EXERCISE DETAILS: Copy out the full listing below as it stands, with its pictures left behind.

* * *

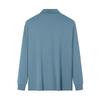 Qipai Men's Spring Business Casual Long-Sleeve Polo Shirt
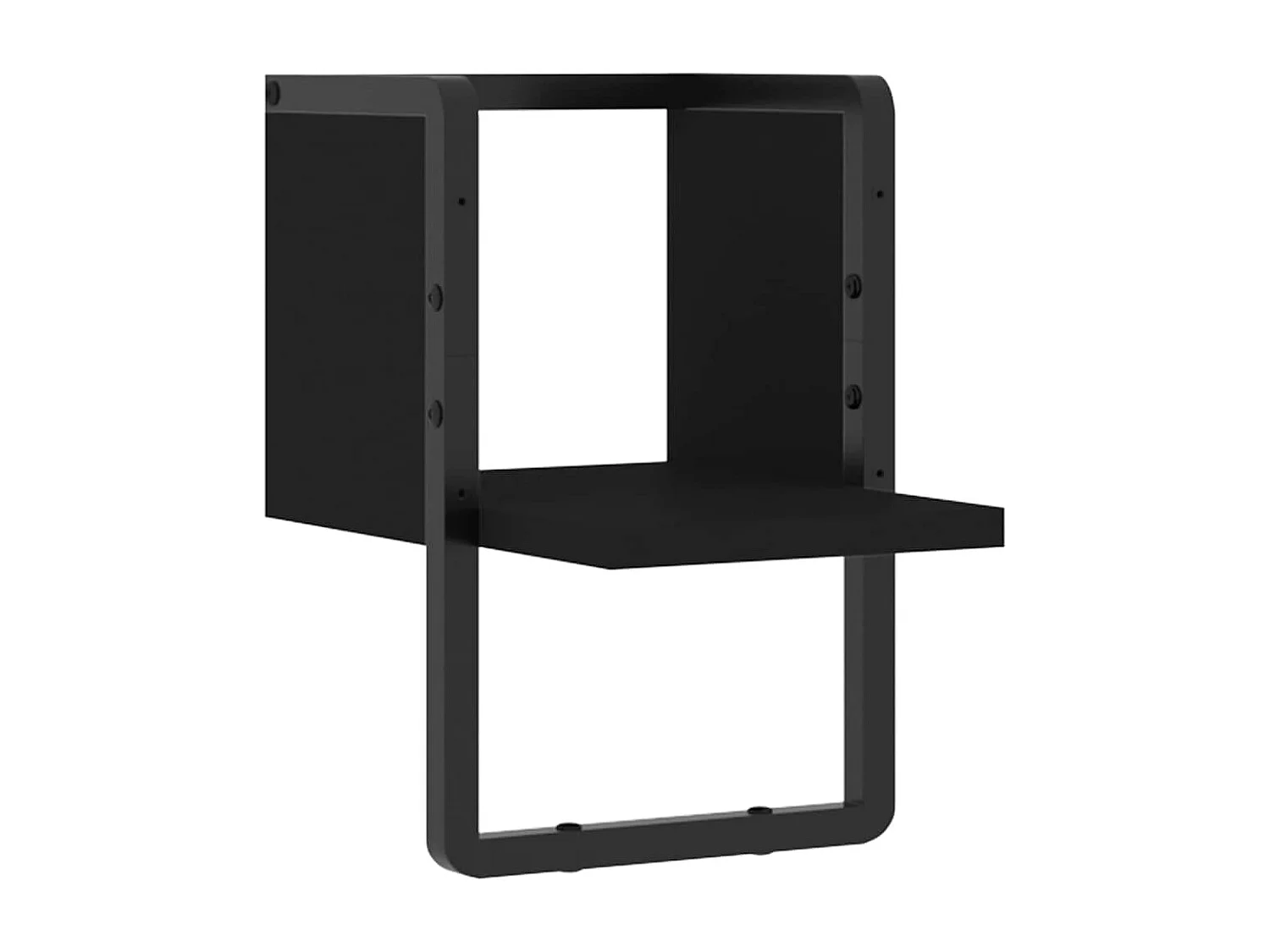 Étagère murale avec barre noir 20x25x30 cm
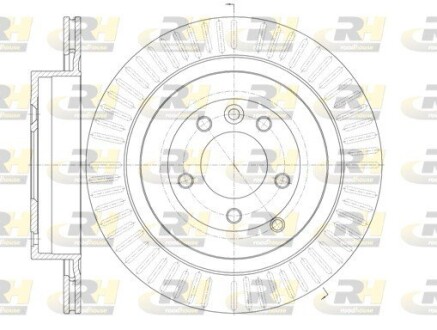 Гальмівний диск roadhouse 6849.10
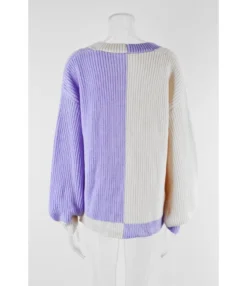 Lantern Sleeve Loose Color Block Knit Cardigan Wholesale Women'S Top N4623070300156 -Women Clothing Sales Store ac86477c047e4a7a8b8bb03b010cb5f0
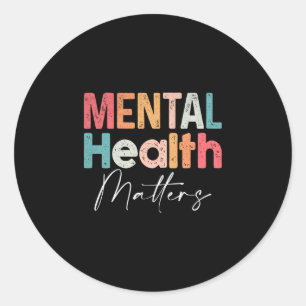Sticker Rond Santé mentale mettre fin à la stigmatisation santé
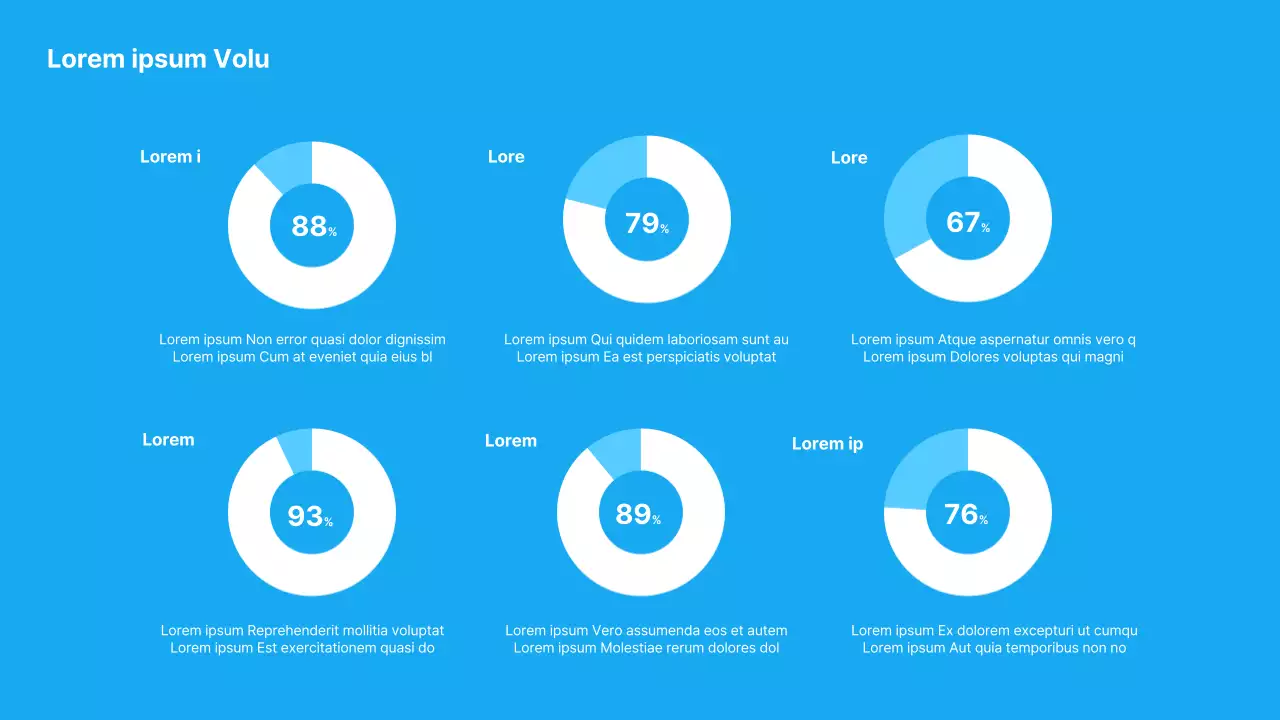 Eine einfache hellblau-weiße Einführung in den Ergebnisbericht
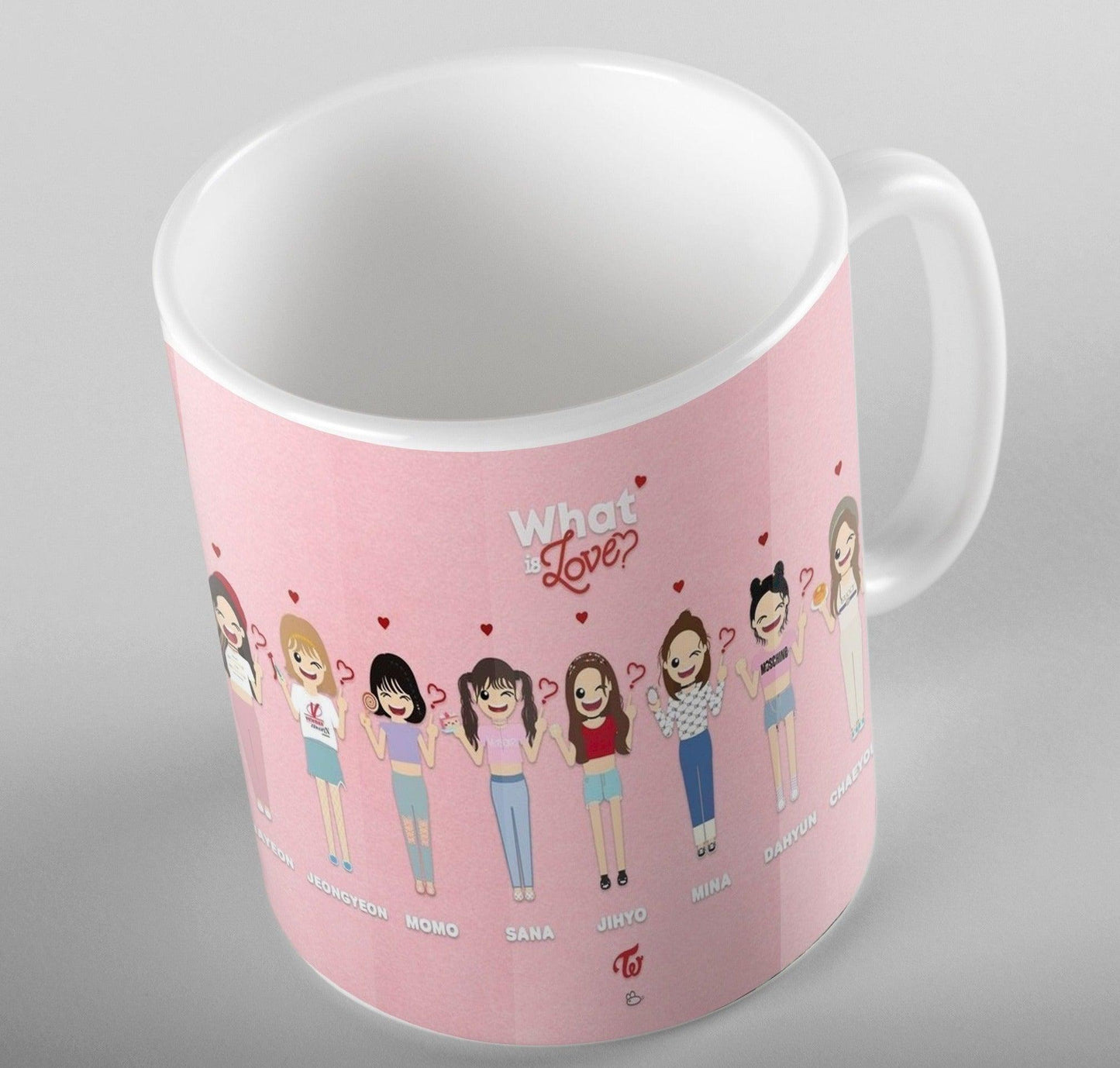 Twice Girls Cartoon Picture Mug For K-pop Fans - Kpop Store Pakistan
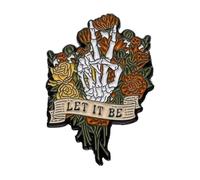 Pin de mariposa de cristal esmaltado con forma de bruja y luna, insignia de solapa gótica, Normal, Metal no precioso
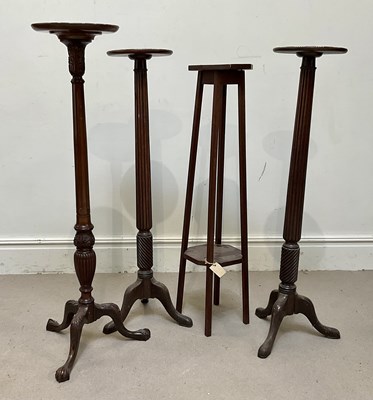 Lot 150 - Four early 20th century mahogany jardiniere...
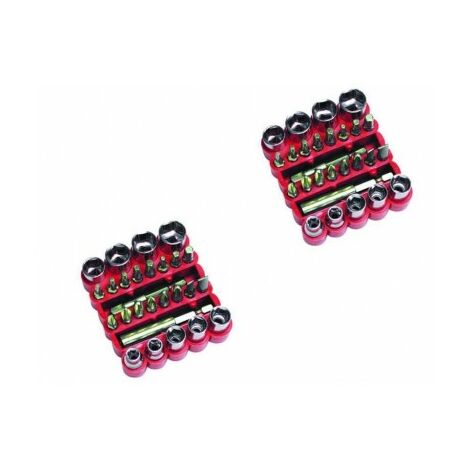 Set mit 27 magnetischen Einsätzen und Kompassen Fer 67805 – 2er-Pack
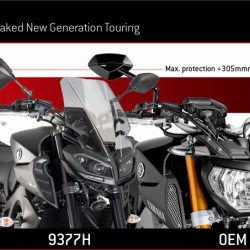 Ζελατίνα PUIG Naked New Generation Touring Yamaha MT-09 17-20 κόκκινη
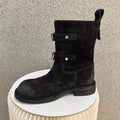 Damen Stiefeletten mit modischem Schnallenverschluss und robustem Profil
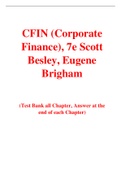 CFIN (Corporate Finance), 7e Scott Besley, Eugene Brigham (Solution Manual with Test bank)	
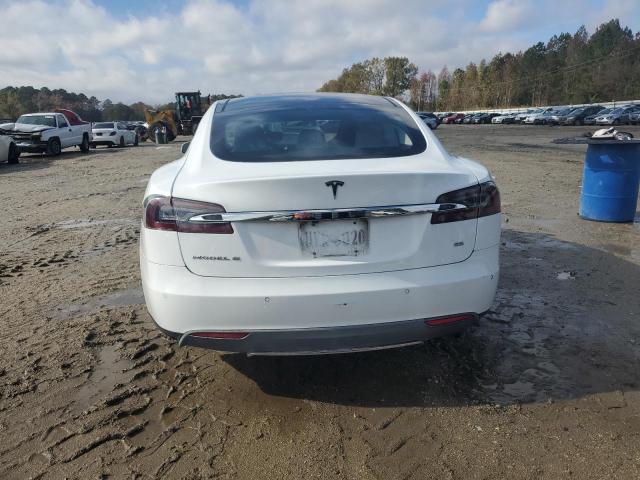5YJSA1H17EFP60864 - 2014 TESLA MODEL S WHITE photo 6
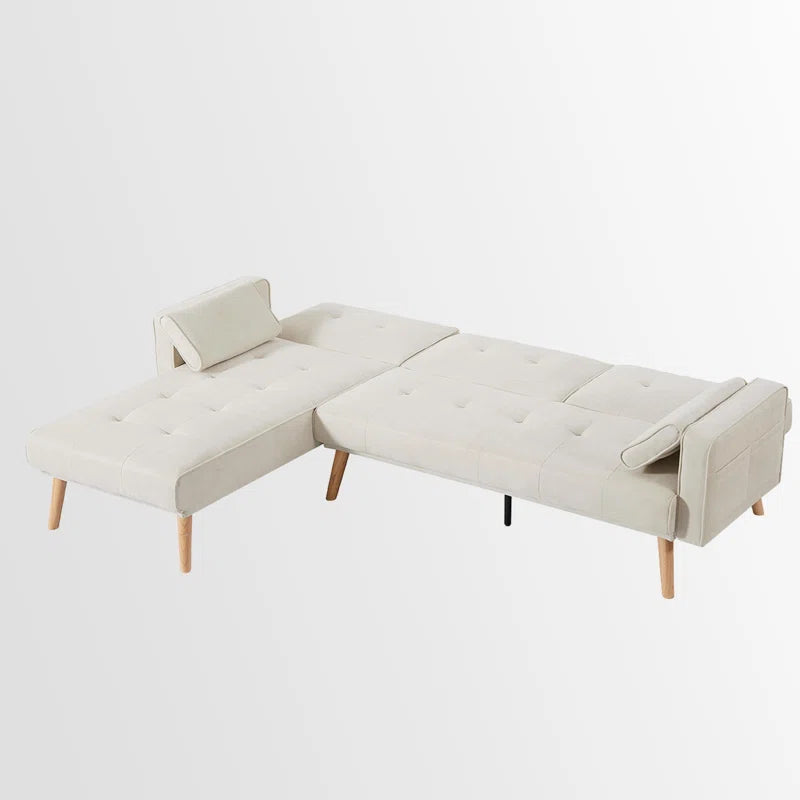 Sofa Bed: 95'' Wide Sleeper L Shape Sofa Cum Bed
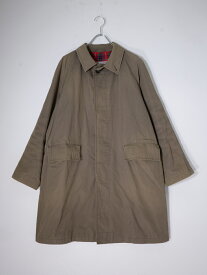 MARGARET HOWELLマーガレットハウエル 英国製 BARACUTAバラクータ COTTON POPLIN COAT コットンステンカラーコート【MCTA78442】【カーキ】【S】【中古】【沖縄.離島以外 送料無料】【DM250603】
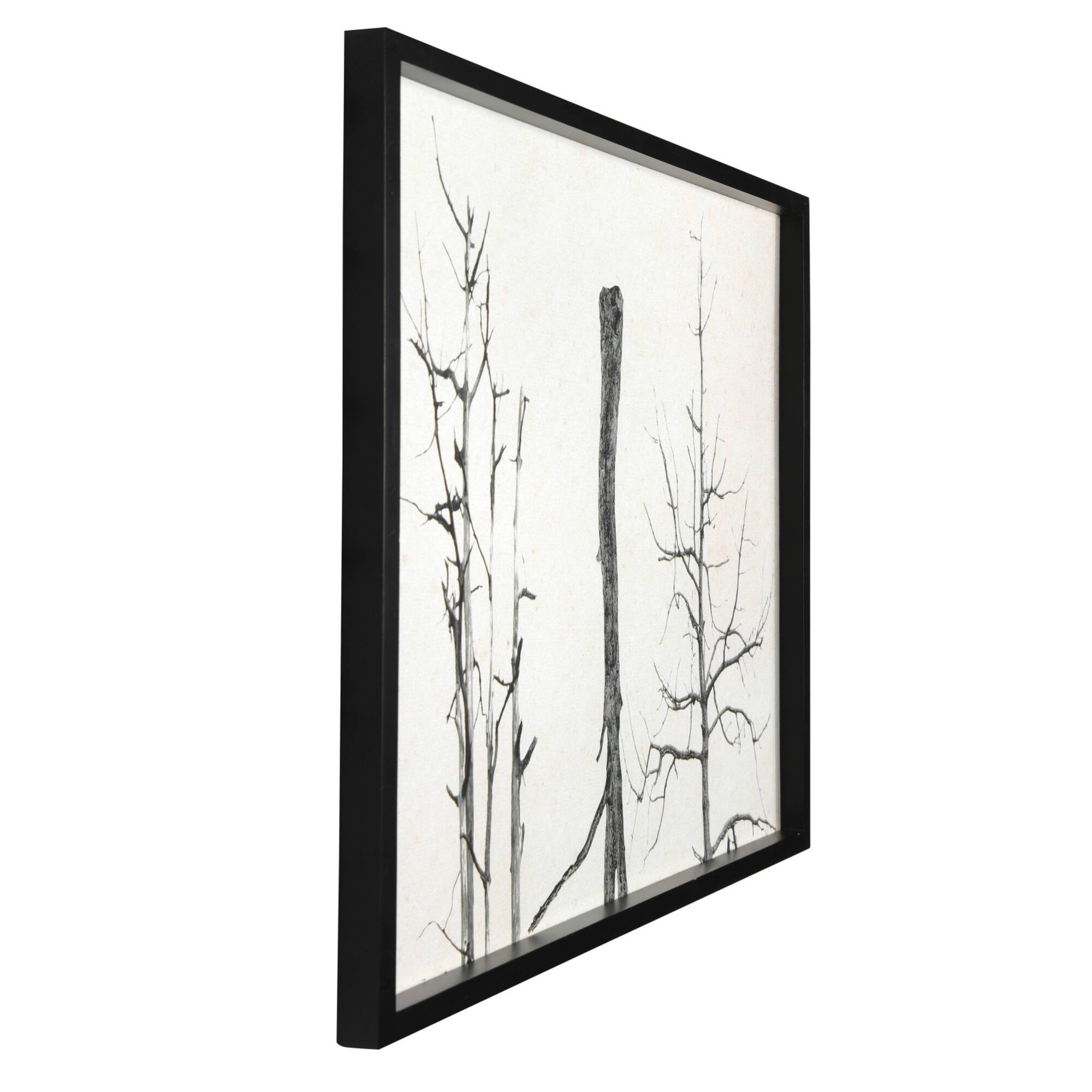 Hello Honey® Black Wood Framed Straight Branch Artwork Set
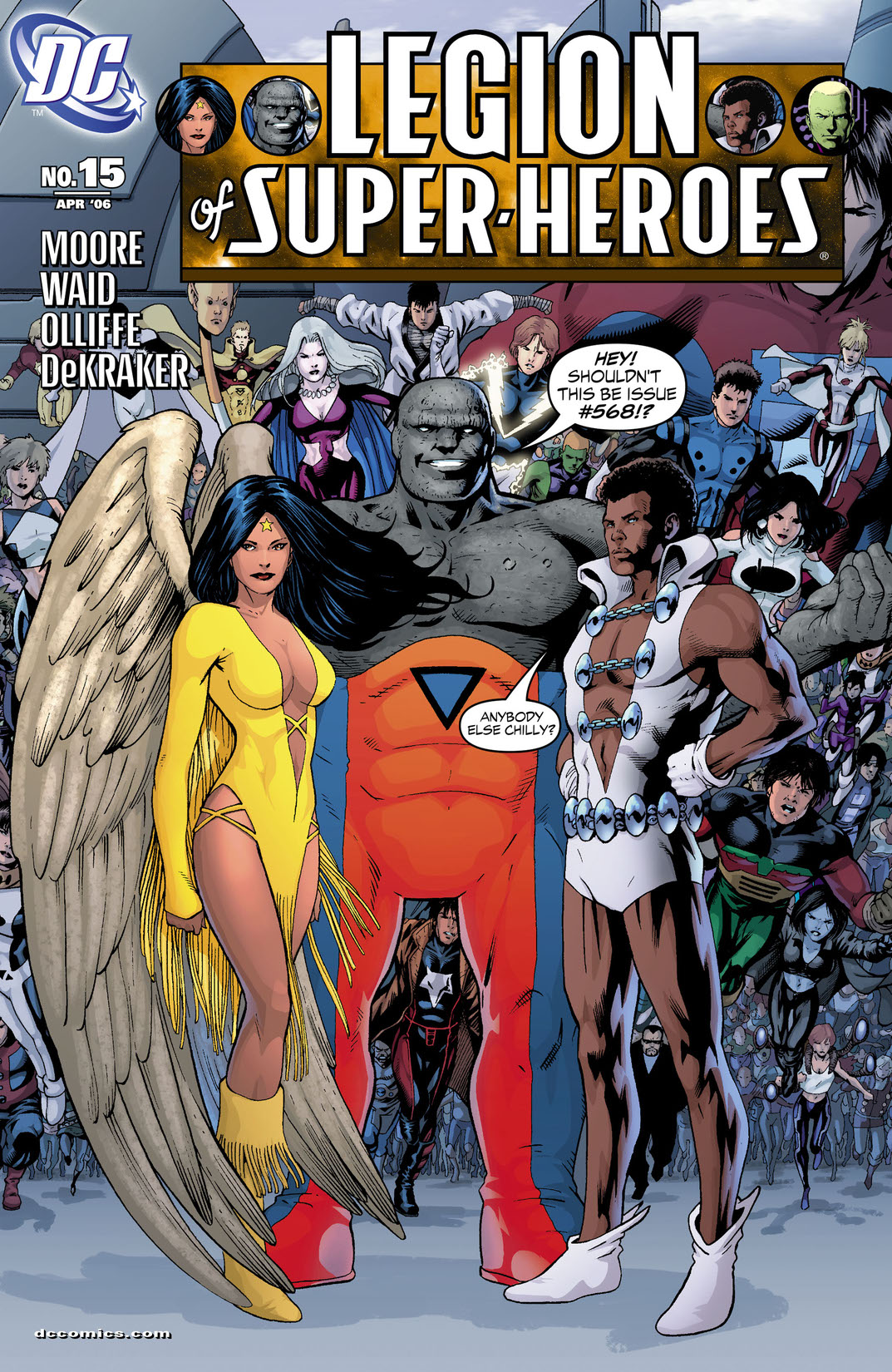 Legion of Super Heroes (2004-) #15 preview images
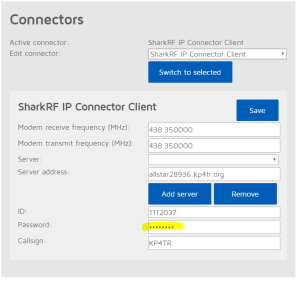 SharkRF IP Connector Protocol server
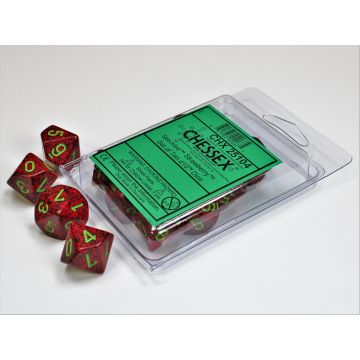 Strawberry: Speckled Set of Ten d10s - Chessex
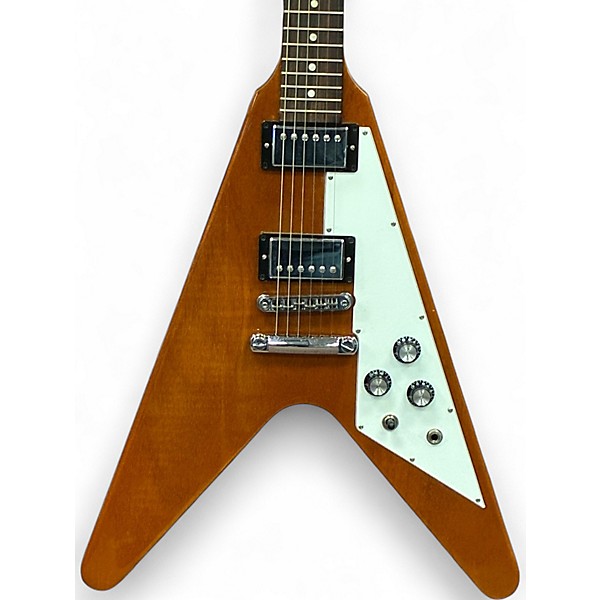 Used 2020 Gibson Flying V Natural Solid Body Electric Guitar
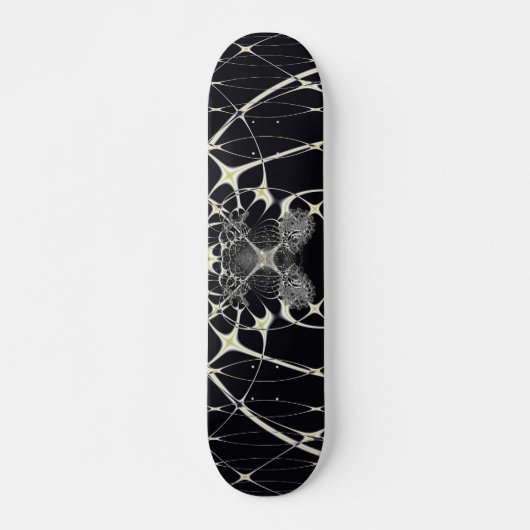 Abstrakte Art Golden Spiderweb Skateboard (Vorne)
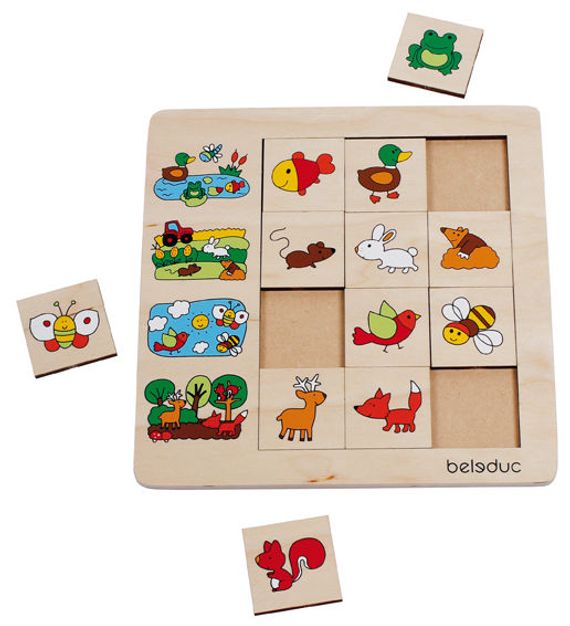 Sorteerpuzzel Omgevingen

* * *

YOUR SOLUTION:
 Qipai Men's Spring Business Casual Long-Sleeve Polo Shirt
 Étagère murale avec barre noir 20x25x30 cm
 Гальмівний диск roadhouse 6849.10
 Lantern Sleeve Loose Color Block Knit Cardigan Wholesale Women'S Top N4623070300156 -Women Clothing Sales Store ac86477c047e4a7a8b8bb03b010cb5f0
Sticker Rond Santé mentale mettre fin à la stigmatisation santé
 Eine einfache hellblau-weiße Einführung in den Ergebnisbericht
 Twice Girls Cartoon Picture Mug For K-pop Fans - Kpop Store Pakistan
 Pin de mariposa de cristal esmaltado con forma de bruja y luna, insignia de solapa gótica, Normal, Metal no precioso
 Lot 150 - Four early 20th century mahogany jardiniere...
 Set mit 27 magnetischen Einsätzen und Kompassen Fer 67805 – 2er-Pack
 Ζελατίνα PUIG Naked New Generation Touring Yamaha MT-09 17-20 κόκκινη
 Damen Stiefeletten mit modischem Schnallenverschluss und robustem Profil
 CFIN (Corporate Finance), 7e Scott Besley, Eugene Brigham (Solution Manual with Test bank)	
5YJSA1H17EFP60864 - 2014 TESLA MODEL S WHITE photo 6
 Sofa Bed: 95'' Wide Sleeper L Shape Sofa Cum Bed
 MARGARET HOWELLマーガレットハウエル 英国製 BARACUTAバラクータ COTTON POPLIN COAT コットンステンカラーコート【MCTA78442】【カーキ】【S】【中古】【沖縄.離島以外 送料無料】【DM250603】
 Hello Honey® Black Wood Framed Straight Branch Artwork Set
 Legion of Super Heroes (2004-) #15 preview images
 SharkRF IP Connector Protocol server
 Strawberry: Speckled Set of Ten d10s - Chessex
 Used 2020 Gibson Flying V Natural Solid Body Electric Guitar
 Abstrakte Art Golden Spiderweb Skateboard (Vorne)
 Sorteerpuzzel Omgevingen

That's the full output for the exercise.